Every line of the data below must be output exactly, with images left out.
[[ INPUT DATA, beginning ]]
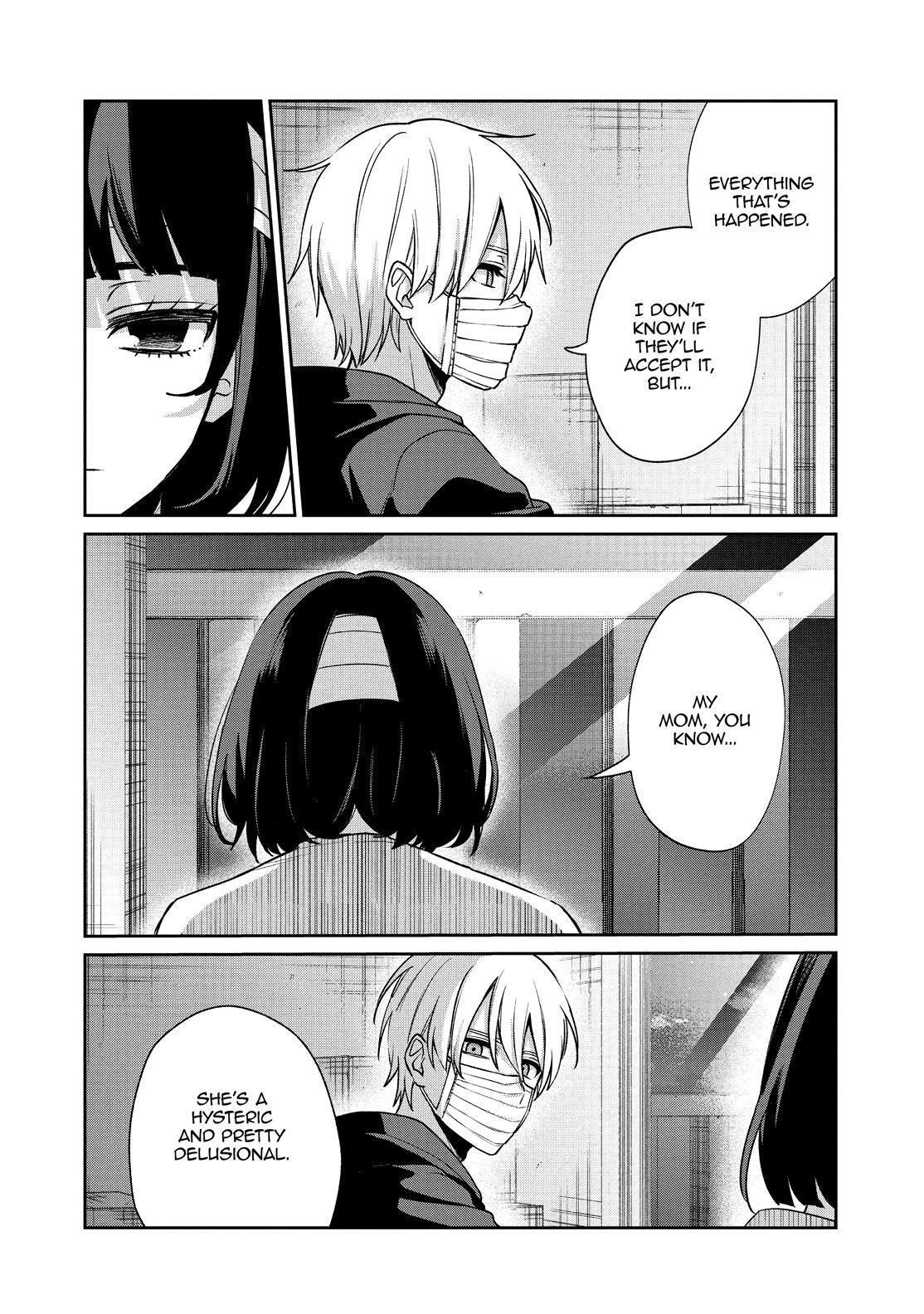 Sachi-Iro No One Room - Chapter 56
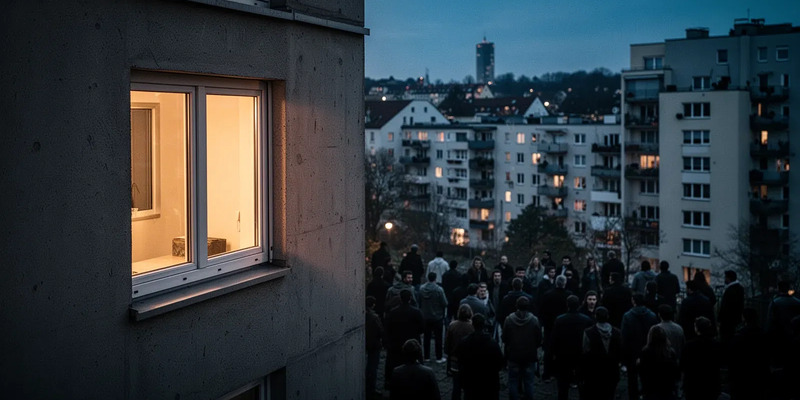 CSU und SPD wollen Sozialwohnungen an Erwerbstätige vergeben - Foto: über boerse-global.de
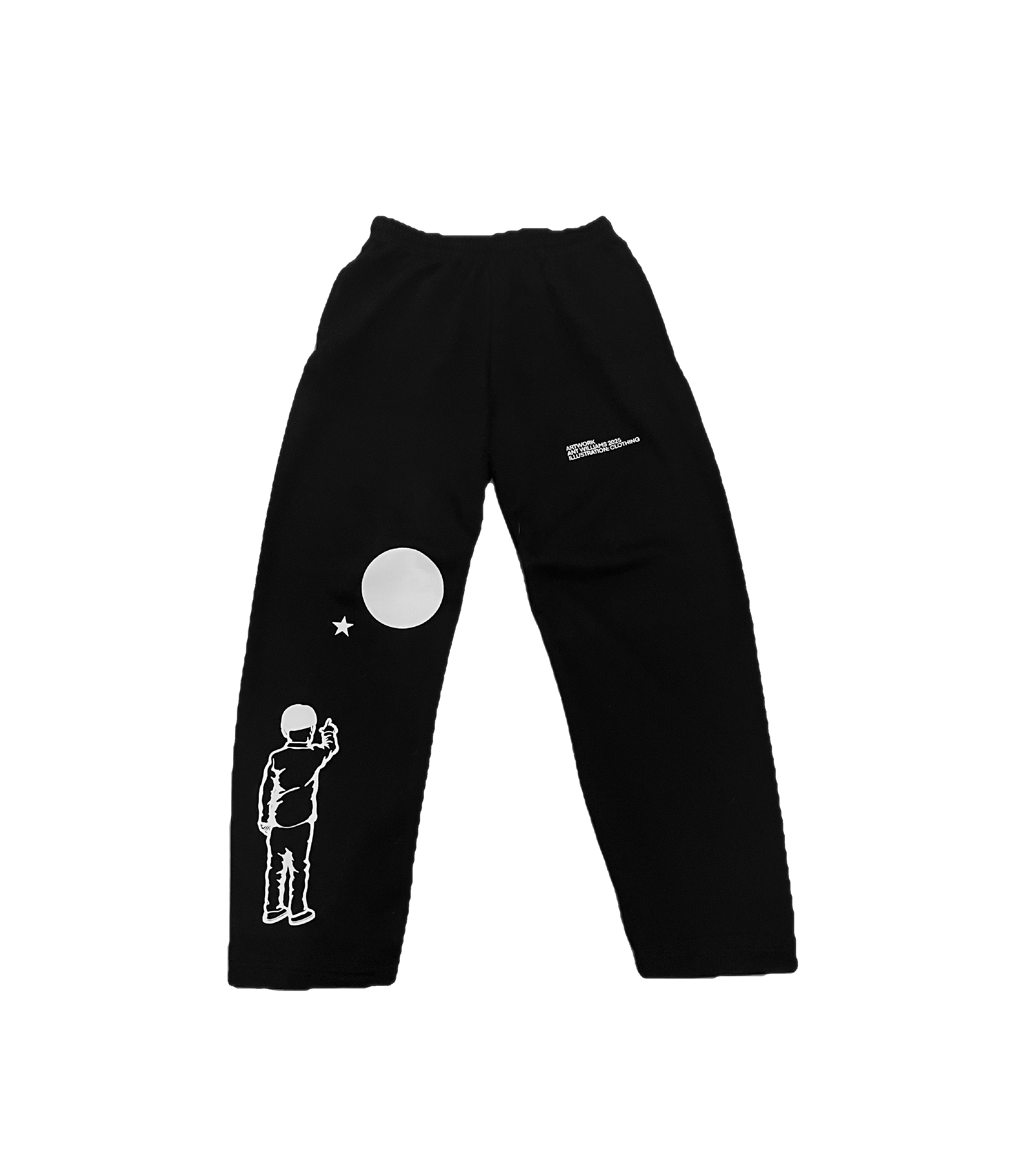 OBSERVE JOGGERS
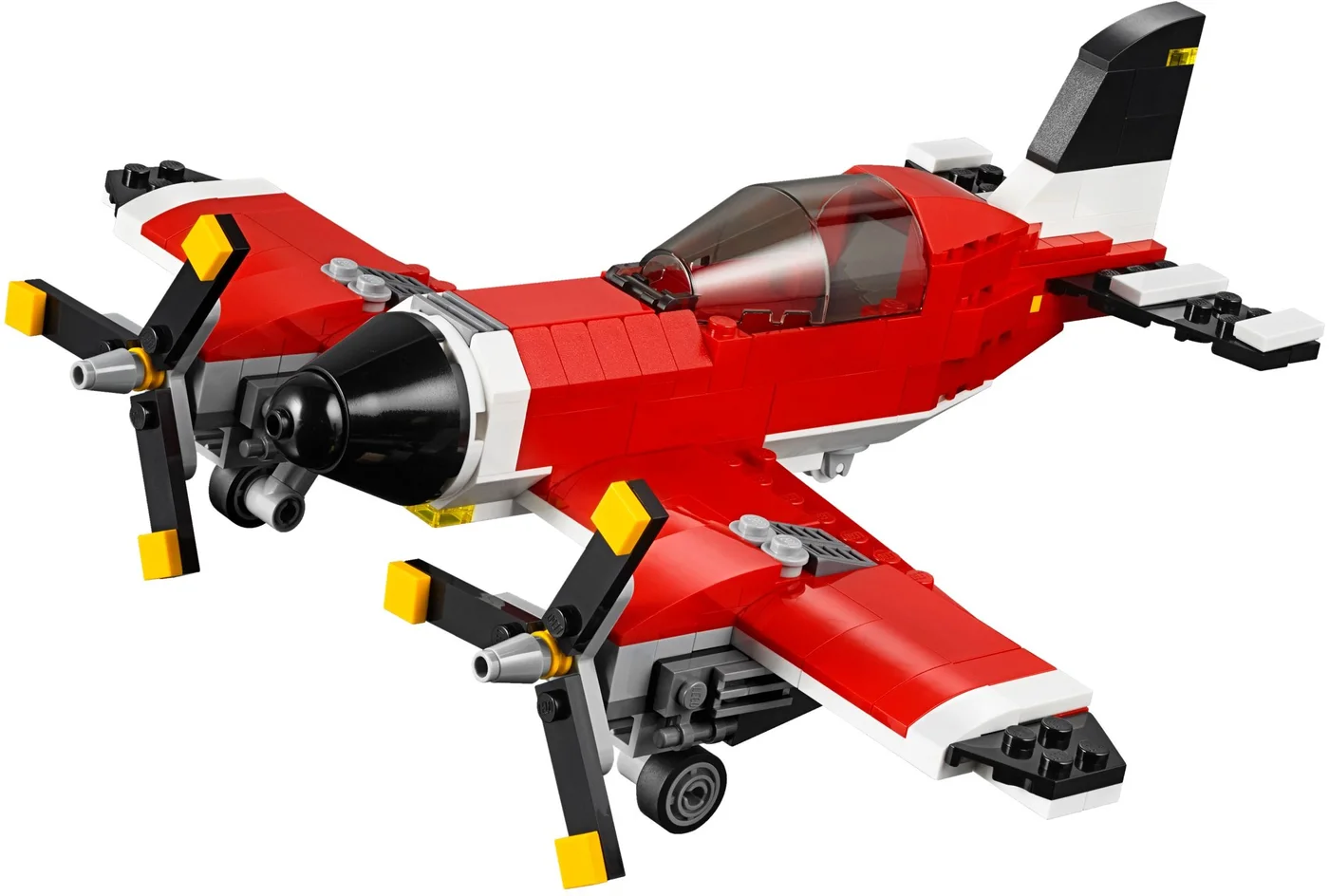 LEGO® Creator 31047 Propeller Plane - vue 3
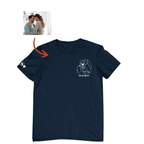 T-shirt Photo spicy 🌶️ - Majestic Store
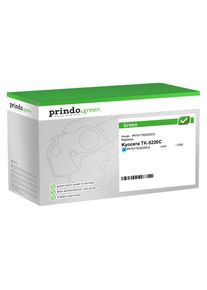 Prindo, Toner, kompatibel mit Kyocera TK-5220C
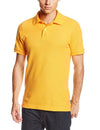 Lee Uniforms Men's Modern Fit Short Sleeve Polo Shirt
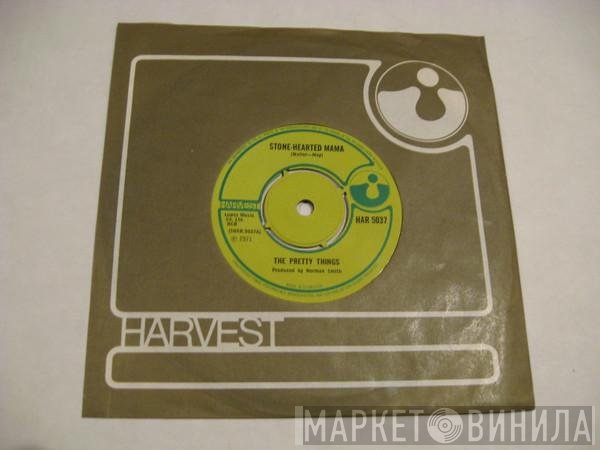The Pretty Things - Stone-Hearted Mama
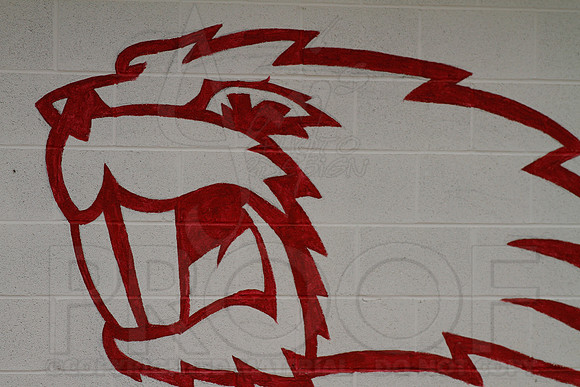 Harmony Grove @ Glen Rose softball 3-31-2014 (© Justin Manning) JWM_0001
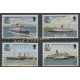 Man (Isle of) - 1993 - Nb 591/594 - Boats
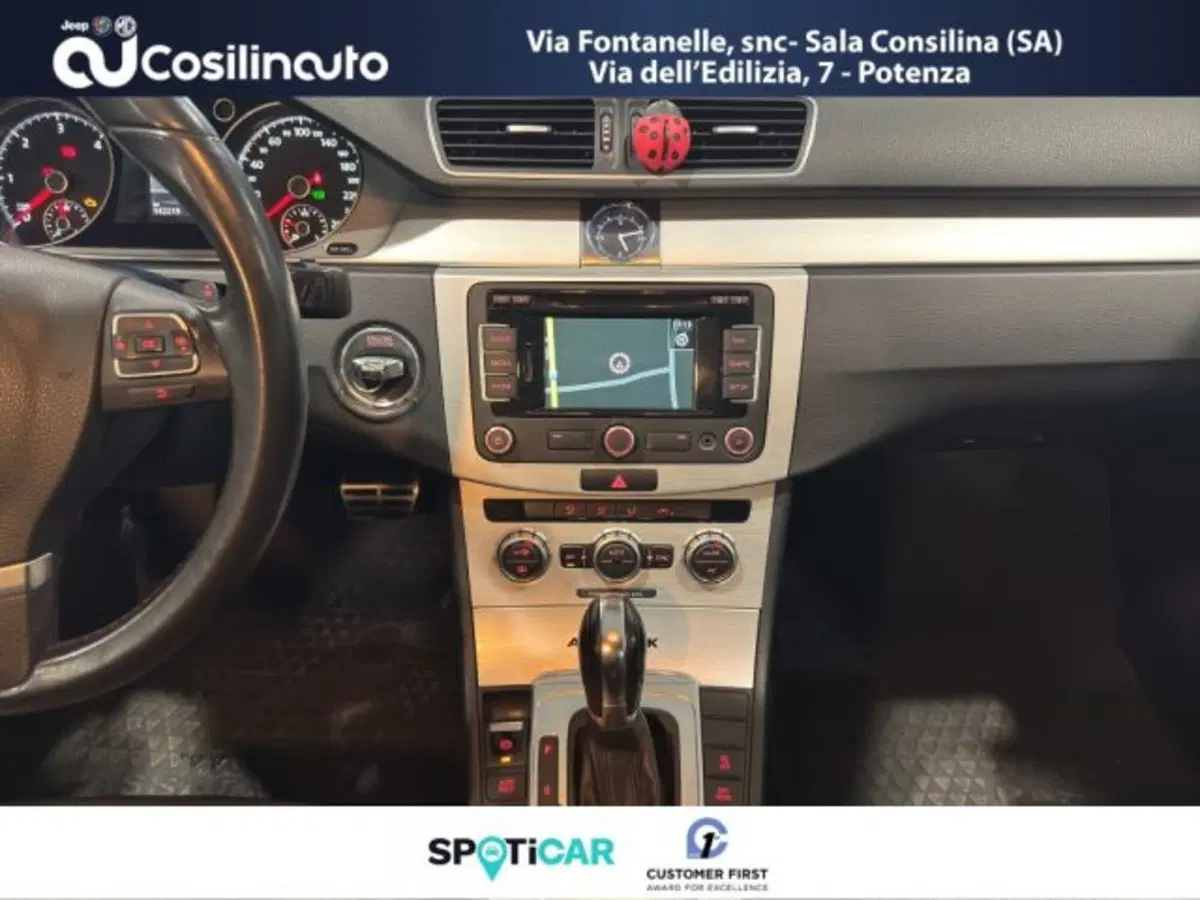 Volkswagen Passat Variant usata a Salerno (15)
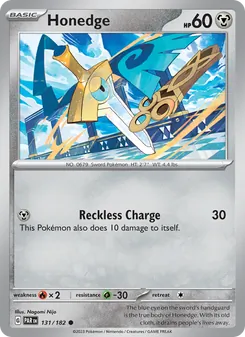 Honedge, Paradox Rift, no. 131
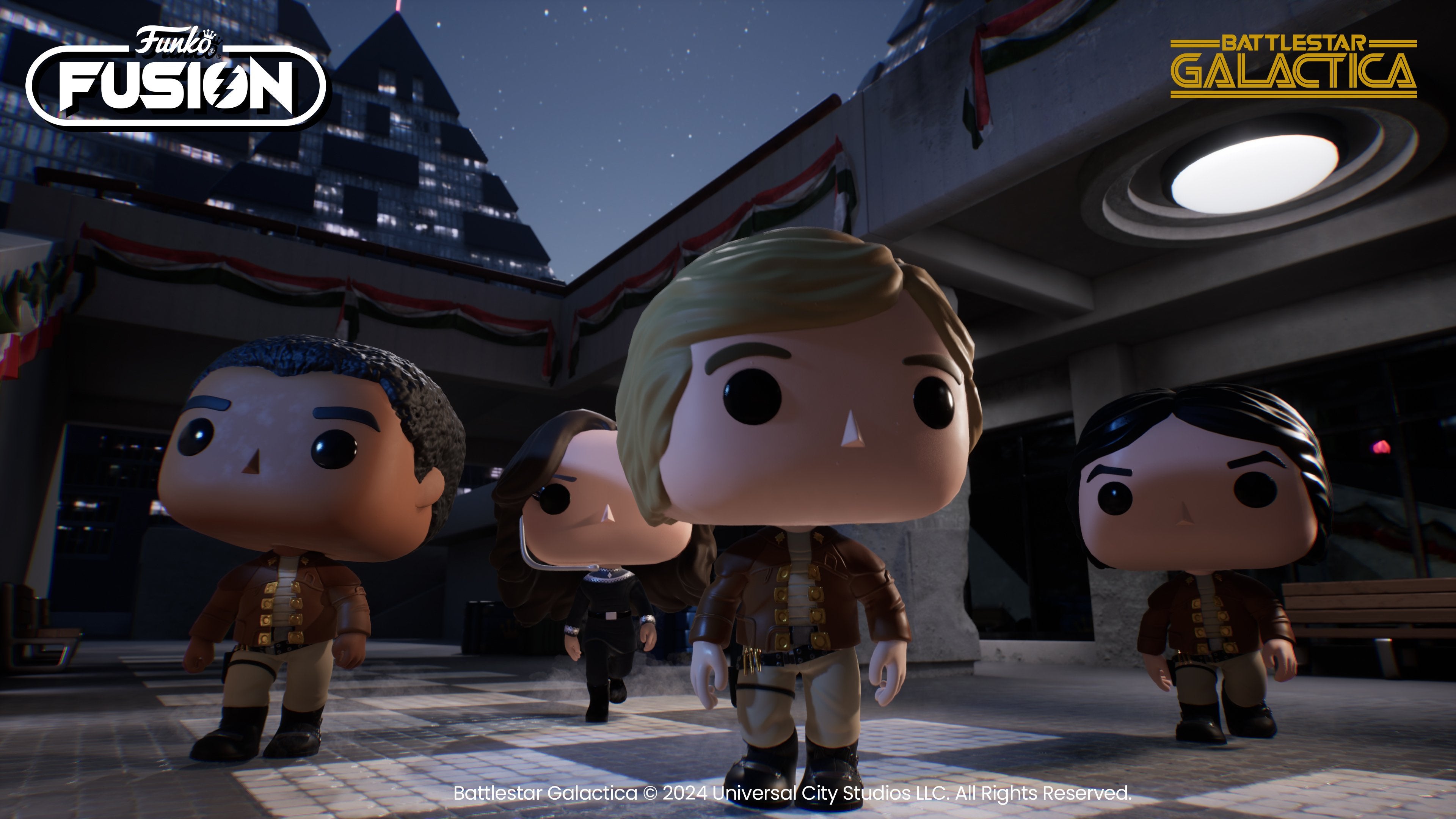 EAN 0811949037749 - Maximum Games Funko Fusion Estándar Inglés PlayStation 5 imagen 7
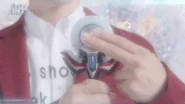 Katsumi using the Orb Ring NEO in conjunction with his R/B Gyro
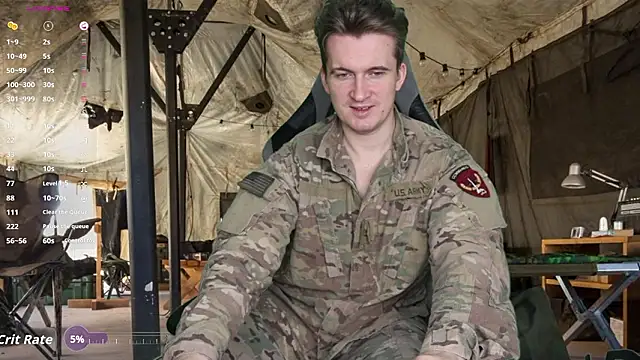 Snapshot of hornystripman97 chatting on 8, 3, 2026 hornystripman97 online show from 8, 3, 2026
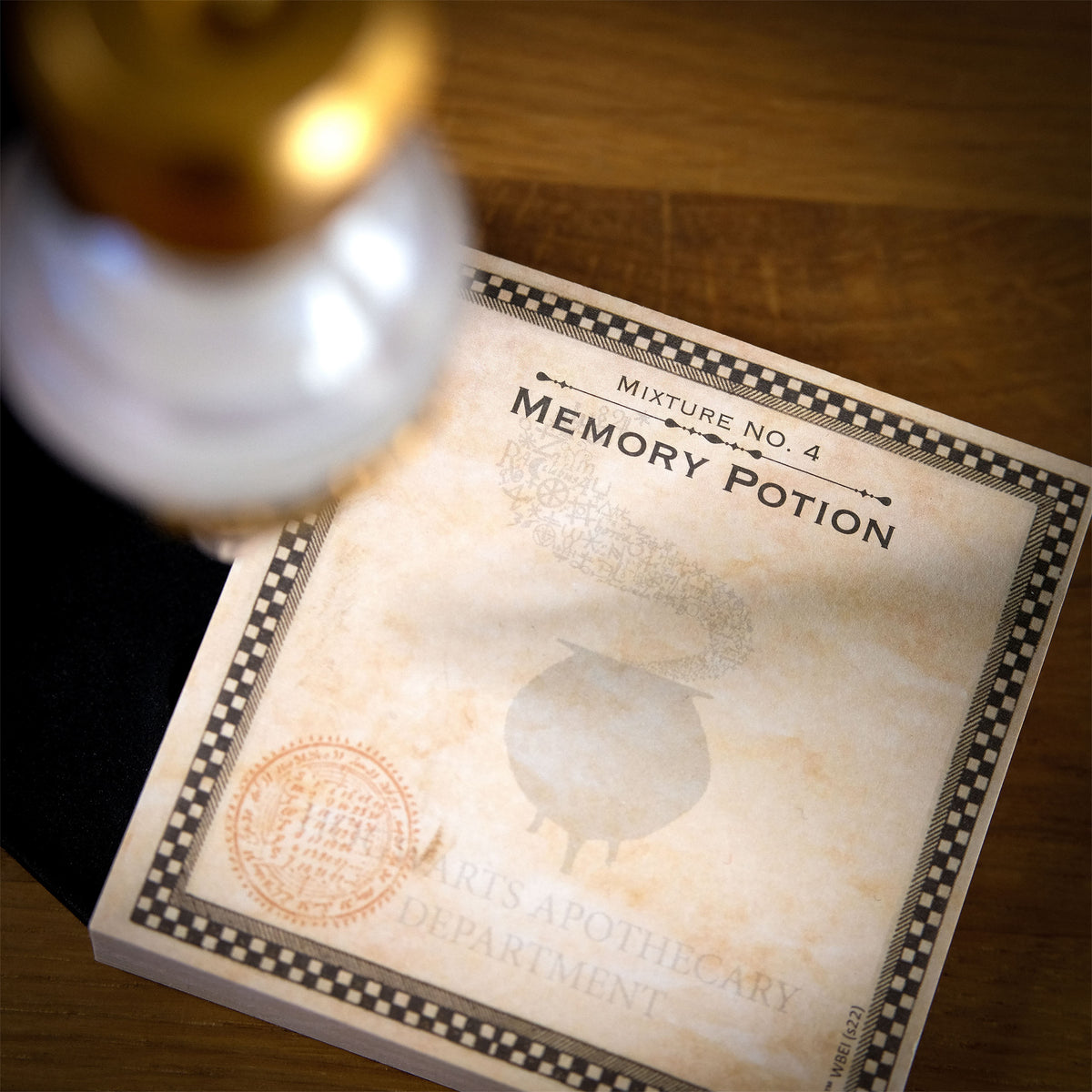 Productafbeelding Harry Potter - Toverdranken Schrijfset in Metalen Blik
[[ INPUT DATA, end ]]
_YOUR SOLUTION:_
 Sachi-Iro No One Room - Chapter 56
 CSU und SPD wollen Sozialwohnungen an Erwerbstätige vergeben - Foto: über boerse-global.de
 OBSERVE JOGGERS
 LEGO® Creator 31047 Propeller Plane - vue 3
 T-shirt Photo spicy 🌶️ - Majestic Store
 Prindo, Toner, kompatibel mit Kyocera TK-5220C
 Lee Uniforms Men's Modern Fit Short Sleeve Polo Shirt
The Pretty Things - Stone-Hearted Mama
 Harmony Grove @ Glen Rose softball 3-31-2014 (© Justin Manning) JWM_0001
 Man (Isle of) - 1993 - Nb 591/594 - Boats
 Volkswagen Passat Variant usata a Salerno (15)
 Honedge, Paradox Rift, no. 131
 EAN 0811949037749 - Maximum Games Funko Fusion Estándar Inglés PlayStation 5 imagen 7
 Katsumi using the Orb Ring NEO in conjunction with his R/B Gyro
 Snapshot of hornystripman97 chatting on 8, 3, 2026 hornystripman97 online show from 8, 3, 2026
 Productafbeelding Harry Potter - Toverdranken Schrijfset in Metalen Blik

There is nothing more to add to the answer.